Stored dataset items
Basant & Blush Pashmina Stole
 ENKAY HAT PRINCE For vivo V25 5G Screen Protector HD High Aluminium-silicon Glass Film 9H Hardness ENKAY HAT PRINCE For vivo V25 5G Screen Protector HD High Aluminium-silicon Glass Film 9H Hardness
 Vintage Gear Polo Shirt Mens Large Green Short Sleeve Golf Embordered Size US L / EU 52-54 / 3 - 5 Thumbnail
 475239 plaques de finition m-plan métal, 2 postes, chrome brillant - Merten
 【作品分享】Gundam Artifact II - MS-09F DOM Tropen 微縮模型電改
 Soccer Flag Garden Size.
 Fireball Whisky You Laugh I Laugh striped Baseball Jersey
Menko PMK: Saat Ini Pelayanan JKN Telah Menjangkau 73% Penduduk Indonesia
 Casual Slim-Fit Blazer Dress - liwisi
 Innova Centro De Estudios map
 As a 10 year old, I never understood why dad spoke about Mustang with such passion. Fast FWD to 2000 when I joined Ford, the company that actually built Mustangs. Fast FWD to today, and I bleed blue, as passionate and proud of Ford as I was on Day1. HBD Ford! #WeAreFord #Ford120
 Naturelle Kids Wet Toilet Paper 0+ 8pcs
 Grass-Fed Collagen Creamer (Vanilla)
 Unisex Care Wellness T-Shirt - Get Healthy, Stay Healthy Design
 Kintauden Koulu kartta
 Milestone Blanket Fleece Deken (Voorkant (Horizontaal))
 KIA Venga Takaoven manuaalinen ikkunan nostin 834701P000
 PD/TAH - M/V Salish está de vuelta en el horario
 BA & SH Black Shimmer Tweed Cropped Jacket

> _EXERCISE DESCRIPTION_
Only the lines from the one with "PD/TAH - M/V" through the end of the records above are to be copied, exactly as written.

> _SOLUTION TO THIS TASK_
 PD/TAH - M/V Salish está de vuelta en el horario
 BA & SH Black Shimmer Tweed Cropped Jacket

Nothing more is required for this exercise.